Problem requirements: Repeat exactly the lines that begin at the one containing "Fiery Lava Pot Medium" and end at the final line of the records; include no pictures and nothing else.
___ Supplied data
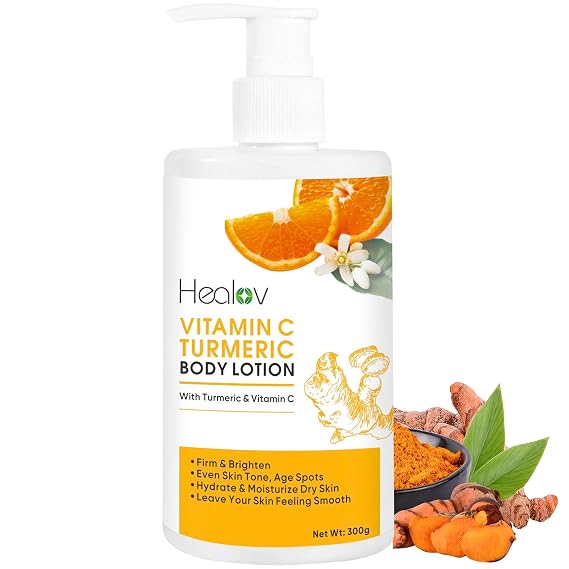 Turmeric Lotion for Dark Spots Natural Skin Brightening Body Lotion Turmeric Face Cream to Cleanse Skin, Fight Acne, Even Tone, Clear Scars, and Sun Damage Dark Spot Cream for Hyperpigmentation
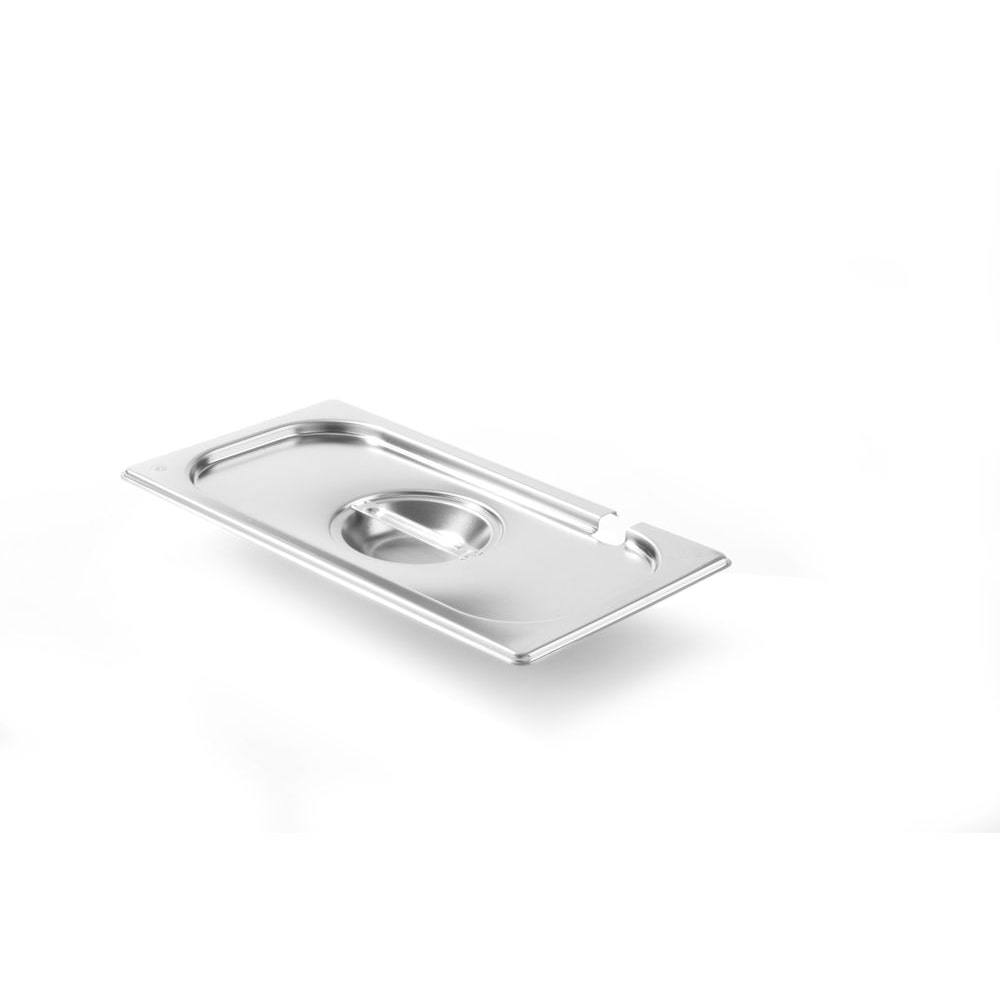 Hendi GN-Deckel Kitchen Line mit Löffelaussparung GN1/3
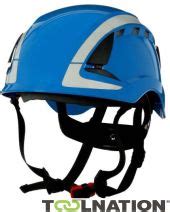 3M X5003V-CE X5003V-CE SecureFit™ Safety Helmet Blue 4 pieces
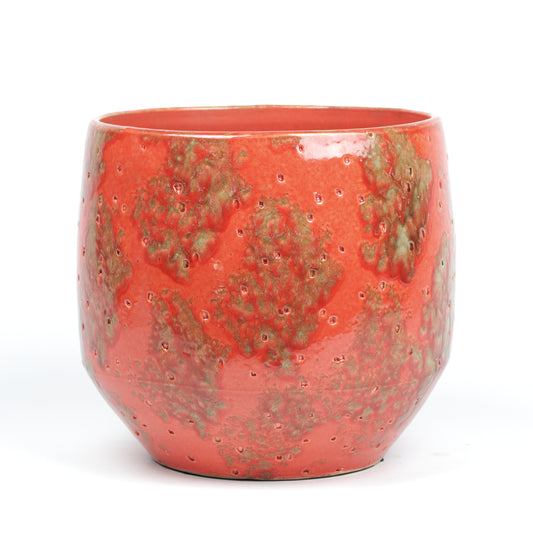 Fiery Lava Pot Medium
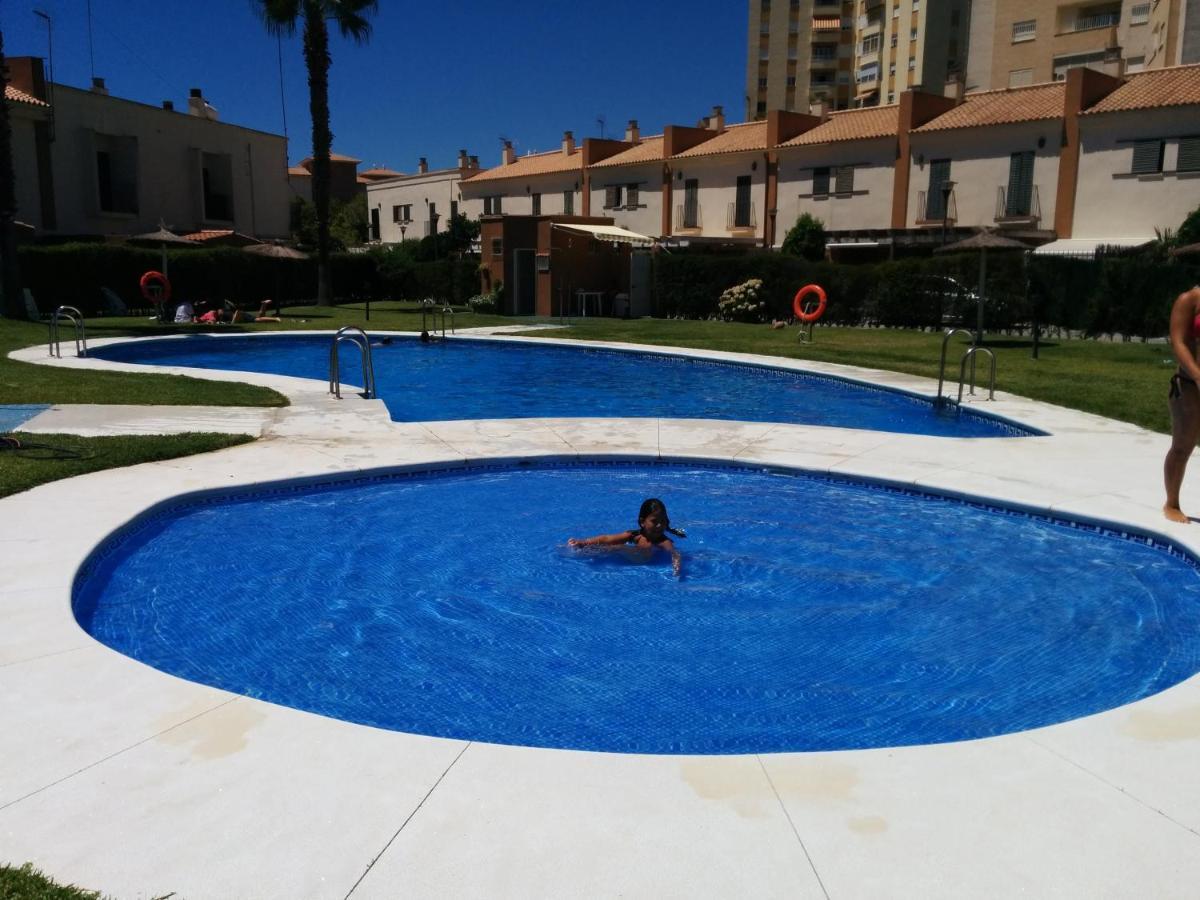 Estudio Con Piscina Y Garaje A 100 Mtr De La Playa イスラ・クリスティナ エクステリア 写真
______
Answer below:
 Fiery Lava Pot Medium
 Estudio Con Piscina Y Garaje A 100 Mtr De La Playa イスラ・クリスティナ エクステリア 写真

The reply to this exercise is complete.